When combining the indices of GEP chains, we currently wait until the source of the chain has been simplified before simplifying its users. For example, when trying to fold %tmp1 into %tmp2 in the code below, we give up so that we can try to fold %tmp0 into %tmp1 first.

%tmp0 = getelementptr %pair, %pair* %p, i64 %i
%tmp1 = getelementptr %pair, %pair* %tmp0, i64 1
%tmp2 = getelementptr %pair, %pair* %tmp1, i64 0, i32 1

However if the %tmp0 - %tmp1 combine is unsuccessful, we will never actually return to try and simplify %tmp2, even though we can.

This patch causes us to always perform the zero-index simplification useful for this example. With this patch, we will simplify the above code to:

%tmp0 = getelementptr %pair, %pair* %p, i64 %i
%tmp2 = getelementptr %pair, %pair* %tmp0, i64 1, i32 1

Event Timeline

mssimpso created this revision.Feb 28 2017, 2:26 PM
mssimpso edited the summary of this revision. (Show Details)
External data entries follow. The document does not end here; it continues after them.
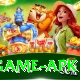 easy win money game apk Elite Pro v4.6.5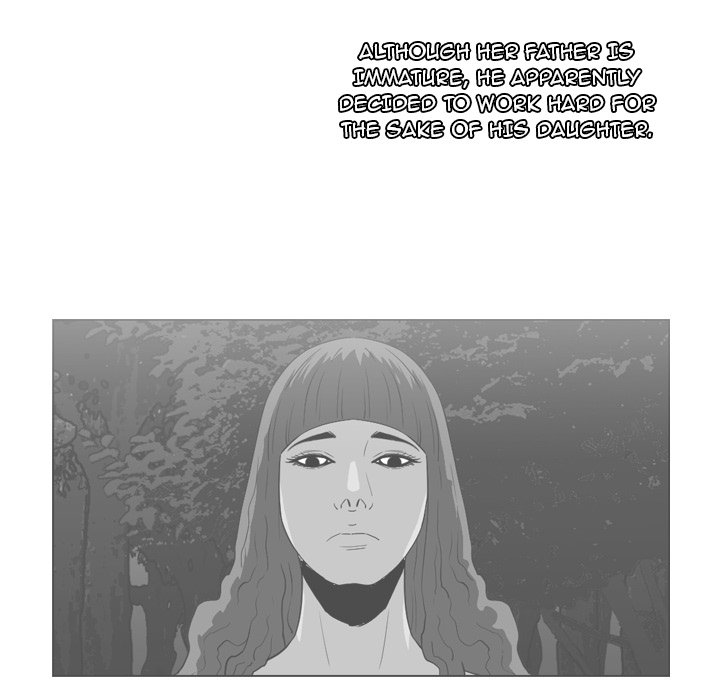 Path to Salvation - Chapter 76 [photo 83] - MangaPorn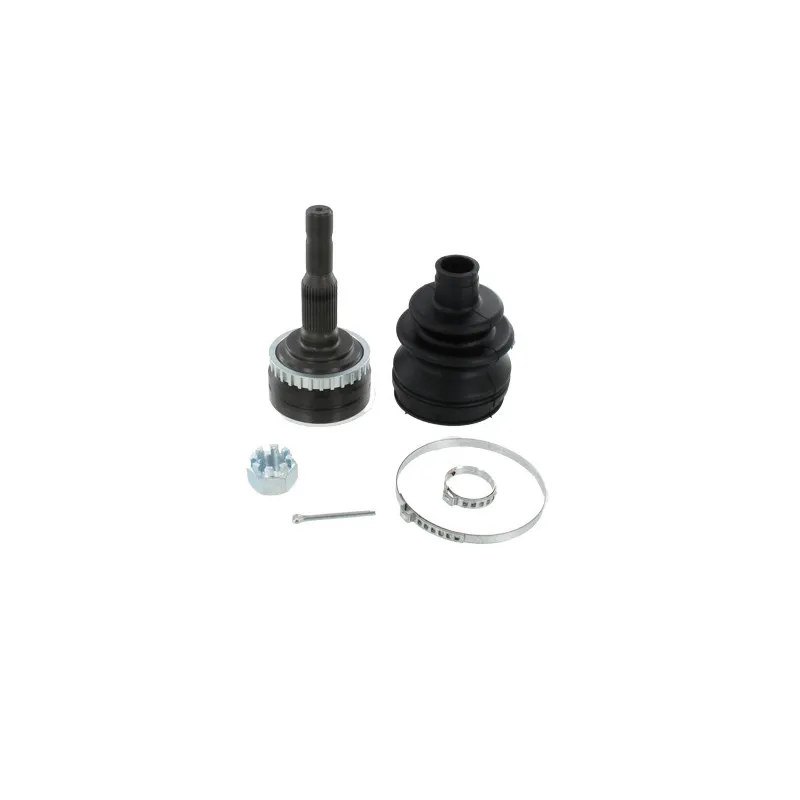 Embout de cardan avant (kit de réparation) SKF VKJA 3104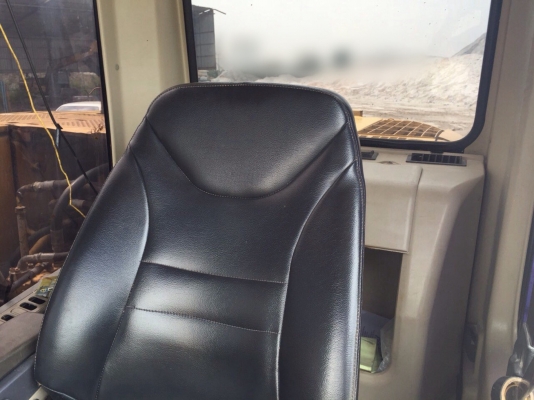 ขายรถแบคโฮ CATERPILLAR 320CCAMC (ญี่ปุ่น) เล่มทะเบียน สนใจโทร 081-970-1072
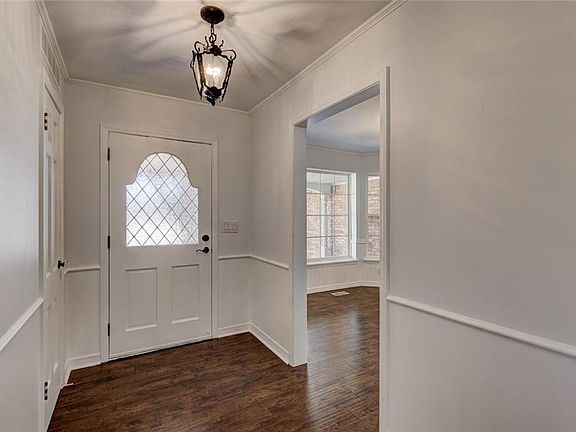 5th image of 9904 Ashley Pl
I'd like to be a bit cautious about making changes here. The transform in question is essentially duplicating code: "y = gep(x, i); z =gep(y, 0, j)" is two mul and two add operations; "y = gep(x, i); z =gep(x, i, j)" is three mul and three add operations. So making it more aggressive could hurt performance in some cases.

I haven't really thought through what we should be doing here, but the right fix is probably more than just rearranging the code.

"y = gep(x, i); z =gep(x, i, j)" is three mul and three add operations.

Are you including the cost of computing y after the transformation here? y can be eliminated now (assuming z was its only user). Would you be more comfortable if there was a single user check?

If there's a single user, it's probably fine. Or maybe I'm just being overly cautious. In any case, please run the testsuite (or some equivalent benchmarking) to make sure there aren't any unexpected effects.

Long-term, I'd like to see this code rewritten so it doesn't depend on IR types.

mssimpso added inline comments.Mar 1 2017, 9:55 AM
lib/Transforms/InstCombine/InstructionCombining.cpp
1546–1553

Hey Eli,

The single-use check is good enough for my purposes. But if we do that, I think it makes more sense to just guard the bail out check here with !Src->hasOneUse(). This will enable the full combine instead of just the zero simplification. So if GEP is the only user of Src, we go ahead with the combine and Src will be eliminated; otherwise, bail out and wait for Src to be simplified first.

I will test this approach and update the patch with the results.

mssimpso updated this revision to Diff 90211.Mar 1 2017, 11:23 AM
mssimpso marked an inline comment as done.

Addressed feedback from Eli.

  • Added a single use condition to the bail out check. If the source GEP has only one use, we now perform the combine instead of bailing out.

This patch didn't hit much in my testing of spec2000, spec2006, and the test-suite (AArch64/Kryo). It generally resulted in a reduction in the static number of instructions in a handful of programs. Performance was noise aside from a ~2% improvement in spec2000/perlbmk.

efriedma accepted this revision.Mar 1 2017, 5:16 PM

LGTM.

This revision is now accepted and ready to land.Mar 1 2017, 5:16 PM
mssimpso abandoned this revision.Jun 16 2017, 10:05 AM

I'm abandoning this change for now. Performance results were mostly noise, so I'm not sure it's worth committing. I might come back to it if I find a compelling test case.